“The Spitzmaus Mummy and Other Treasures,” a Project by Wes Anderson and Juman Malouf, Opens at Fondazione Prada

The visionary, delightfully off-kilter lens through which Wes Anderson sees the world has been put to extraordinary use in the exhibition “The Spitzmaus Mummy and Other Treasures,” which has just opened at Milan’s Fondazione Prada. Curated together with his wife, the illustrator, designer, and writer Juman Malouf, it’s a creative tour de force. The couple took a deep dive into the extensive archives and storage facilities of two of the most important museums in the world, Vienna’s Kunsthistorisches Museum and Naturhistorisches Museum. To get an idea of the magnitude of the operation, consider the numbers: The exhibition’s 537 objects were selected from 12 collections in the Kunsthistorisches Museum, which displays more than four million artworks collected by the Hapsburg family since the 13th and 14th centuries, and from 11 of the Naturihistorisches Museum’s departments, rich in more than 20 million natural specimens. A rather titanic undertaking for Anderson and Malouf. Yet despite the fact that the project took years to complete (just imagine the bureaucracy), they were able to achieve a feel of lightness. The exhibition is fabulously entertaining.

Exhibition view of “The Spitzmaus Mummy and Other Treasures,” a project by Wes Anderson and Juman Malouf.   in the exhibition Fondazione Prada, Milan | September 20, 2010 — January 13, 2020
Exhibition view of “The Spitzmaus Mummy and Other Treasures,” a project by Wes Anderson and Juman Malouf. in the exhibition Fondazione Prada, Milan | September 20, 2010 — January 13, 2020
Photo: Andrea Rossetti / Courtesy Fondazione Prada

The project was first presented in Vienna in 2018, hosted in one of the Kunstinstorisches Museum’s majestic rooms. “Here at the Fondazione we almost doubled its size, including a wider selection of artworks,” explained Fondazione Prada curator Mario Mainetti, who, together with Kunsthistorisches’s curator Jasper Sharp, worked closely with Anderson and Malouf. “They were both already familiar with the Kunsthistorisches Musuem, Vienna being a favorite destination,” said Mainetti.
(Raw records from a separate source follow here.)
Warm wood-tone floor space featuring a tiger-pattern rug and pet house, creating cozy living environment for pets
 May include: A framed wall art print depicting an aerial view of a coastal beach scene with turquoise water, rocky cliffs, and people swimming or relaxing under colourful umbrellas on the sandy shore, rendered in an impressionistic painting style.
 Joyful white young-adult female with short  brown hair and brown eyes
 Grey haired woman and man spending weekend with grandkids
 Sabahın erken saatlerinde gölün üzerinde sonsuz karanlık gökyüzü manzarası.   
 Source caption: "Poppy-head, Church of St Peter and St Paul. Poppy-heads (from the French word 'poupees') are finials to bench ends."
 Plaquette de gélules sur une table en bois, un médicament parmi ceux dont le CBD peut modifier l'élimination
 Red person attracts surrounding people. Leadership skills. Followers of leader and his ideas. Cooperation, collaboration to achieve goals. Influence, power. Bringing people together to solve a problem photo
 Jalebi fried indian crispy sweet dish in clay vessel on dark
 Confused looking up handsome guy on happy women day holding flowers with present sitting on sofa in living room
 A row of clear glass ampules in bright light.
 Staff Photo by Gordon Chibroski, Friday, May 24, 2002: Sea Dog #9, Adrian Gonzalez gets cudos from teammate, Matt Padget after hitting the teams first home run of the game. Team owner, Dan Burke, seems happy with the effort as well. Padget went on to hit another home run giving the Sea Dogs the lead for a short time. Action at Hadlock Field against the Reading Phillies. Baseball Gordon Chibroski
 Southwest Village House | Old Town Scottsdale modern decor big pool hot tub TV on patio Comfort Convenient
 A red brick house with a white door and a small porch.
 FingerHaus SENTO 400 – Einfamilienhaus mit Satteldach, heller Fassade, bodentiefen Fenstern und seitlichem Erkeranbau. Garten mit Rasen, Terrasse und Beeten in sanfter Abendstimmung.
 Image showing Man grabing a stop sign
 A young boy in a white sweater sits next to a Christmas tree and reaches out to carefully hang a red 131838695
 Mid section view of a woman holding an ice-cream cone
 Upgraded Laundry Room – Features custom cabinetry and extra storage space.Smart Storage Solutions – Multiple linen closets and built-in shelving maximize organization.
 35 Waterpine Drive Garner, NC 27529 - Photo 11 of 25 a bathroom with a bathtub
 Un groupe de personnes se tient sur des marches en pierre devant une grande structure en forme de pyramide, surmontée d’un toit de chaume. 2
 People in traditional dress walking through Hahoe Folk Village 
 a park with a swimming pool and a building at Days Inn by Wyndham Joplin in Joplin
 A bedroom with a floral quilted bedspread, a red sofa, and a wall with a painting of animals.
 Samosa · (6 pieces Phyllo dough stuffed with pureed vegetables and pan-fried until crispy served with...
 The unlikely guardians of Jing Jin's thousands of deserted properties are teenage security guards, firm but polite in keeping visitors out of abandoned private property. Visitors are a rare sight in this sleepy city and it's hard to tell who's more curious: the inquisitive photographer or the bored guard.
Conceived like a modern Wunderkammer by the two artist-curators with architect Itai Margula, the Fondazione’s display replicates the original layout from Vienna, which has been transported as a ready-made to the Milanese venue. It reads as a rigorous maze of dimly lit vitrines encasing art pieces, archeological finds, and rare natural wonders. It has the flair of an elegant Jardin à l’Italienne, inspired by the one surrounding the Hapsburgs’s Ambras Castle near Innsbruck, the palace where the collections of Archduke Ferdinand II and his wife Philippine Welser were first assembled in the 16th century. A true patron of the arts, the Archduke envisioned the famous Kunstkammer as a shrine to display unique objects, exotica, and natural wonders—artifacts, fruits, plants, and animals from faraway places; rock crystals, corals, and precious stones; and automats, toys, and scientific instruments, together with portraits of wondrous, bizarre, or grotesque people. The Kunstkammer, which housed the most prestigious part of the collection, was actually the very first systematic presentation template in the history of museums; the Ambras Castle is considered the oldest museum in the world.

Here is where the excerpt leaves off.